The latest Nielsen study, State of the Hispanic Consumer: The Hispanic Market Imperative - revealed that if US Hispanics were a standalone country, their market buying power would be one of the top twenty economies in the world. This study makes it clear that organizations must establish new ways to earn and build trust with the changing face of the employees they serve and consumers they sell to.
As the United States reinvents itself, all across America – corporations and communities alike are experiencing a rapid-paced transition of the new immigrant American economy. As the faces of America quickly become much more diverse, the US is lacking the required infrastructure and resources to support and manage this demographic shift that is now being represented in the workplace, in colleges & universities, throughout the media and every other place you can think of. What are corporations to do in order to fully embrace this shift? Diversity and Inclusion (D&I) must transition from being managed as a traditional cost center to being lead as a profit center for enterprise to flourish. Those organizations that make this commitment will soon find themselves winning the war on talent and market share. They will dominate their industry and positively impact their bottom line for several years to come.
This opportunity remains wide-open across multiple industries and it’s time for America’s corporations to act now.

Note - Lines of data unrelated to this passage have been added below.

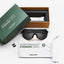 Spektrum Blank box identifying what comes with your purchase.  Sunglasses, Microfibre soft case, two pairs rubber nose temples in clean sustainable packaging.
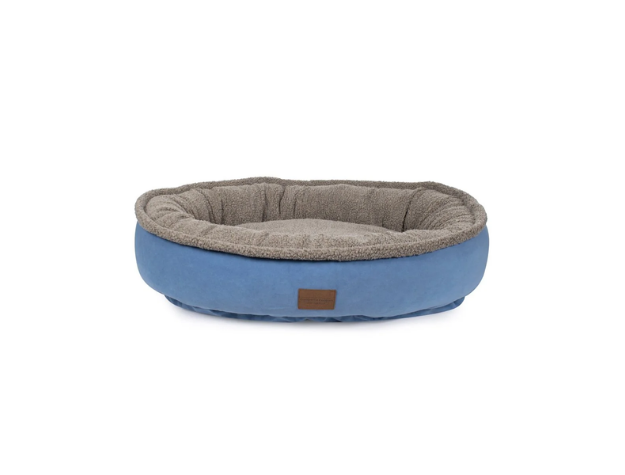 Microfiber Comfy Cup Dog Bed Blue Medium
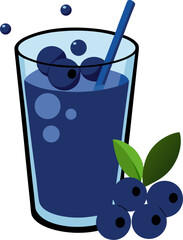  Blueberry juice in a clear glass, blueberries floating inside. silhouette  vector black , white background  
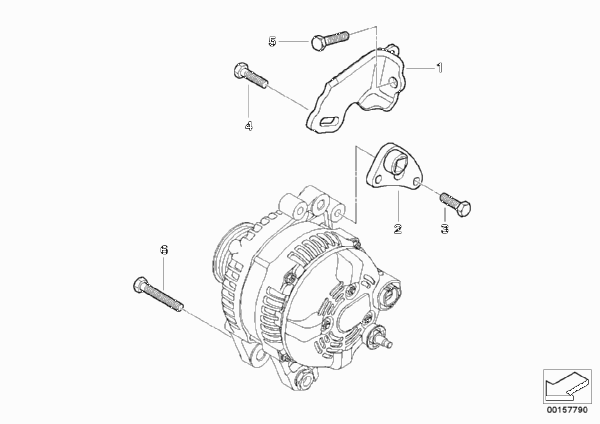 Элементы крепления генератора 130 А для BMW R50 One D W17 (схема запчастей)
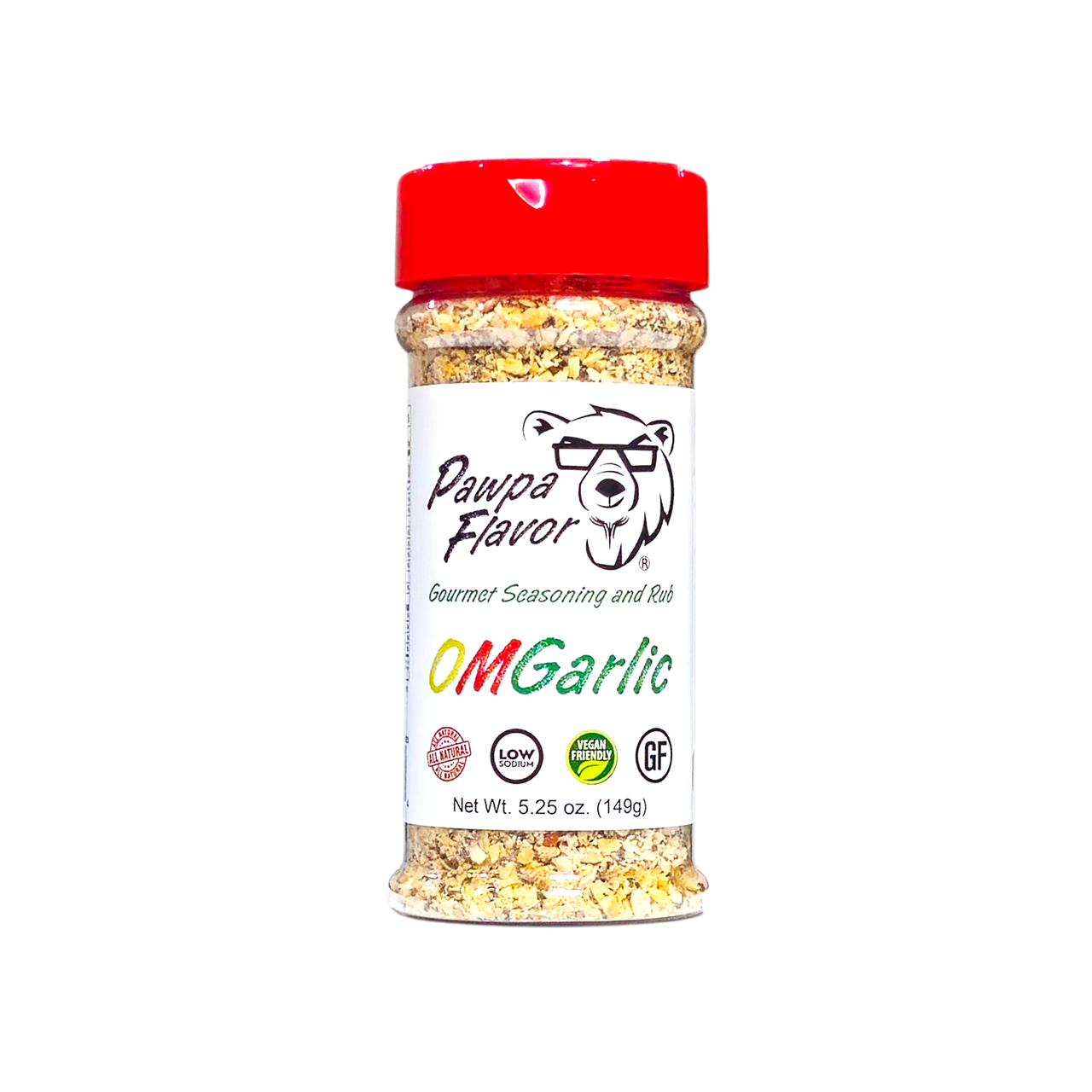 Bottle of Pawpa Flavor OMGarlic seasoning in signature packaging, a bold garlic-forward all-purpose spice blend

Not only for the sustainable growth of their organizations - but for the accelerated revival of the US economy. Diversity management is truly a time-sensitive business imperative as the global market demands it.
As corporations worked diligently to overcome the pressure from Wall Street during the economic crisis that abounded in 2008 – their workforce and consumers changed. Now that C-suite leaders are starting to look over the mountain that has kept them blinded from the demographic changes that suddenly emerged – they now realize that they must quickly become educated with the requirements to build new relationships for their business that demands cultural intelligence and an approach to win over their most valuable assets: employees, clients and consumers.
In anticipation of the upcoming Linkage Institute Conference (Leading Diversity & Inclusion) that will be held in Atlanta, GA on April 30th – May 2nd, I spoke with diversity executives from Walgreens (Steve Pemberton, Divisional Vice President and Chief Diversity Officer), EMC (Jackie Glenn, Global Diveristy Officer and Edwina Mays, Senior Diversity Consultant), McKesson (Janice Little, Senior Director of Diversity) and Abercrombie & Fitch (Todd Corley, Senior Vice President of Global Diversity & Inclusion) to get a behind the scenes look at what these market leaders are doing to assure that diversity is directly tied to driving business outcomes and bottom line impact. Our conversation addressed three questions that remain top of mind for most organizations.
Question #1: What are the Most Effective Ways to Measure D&I Return on Investment?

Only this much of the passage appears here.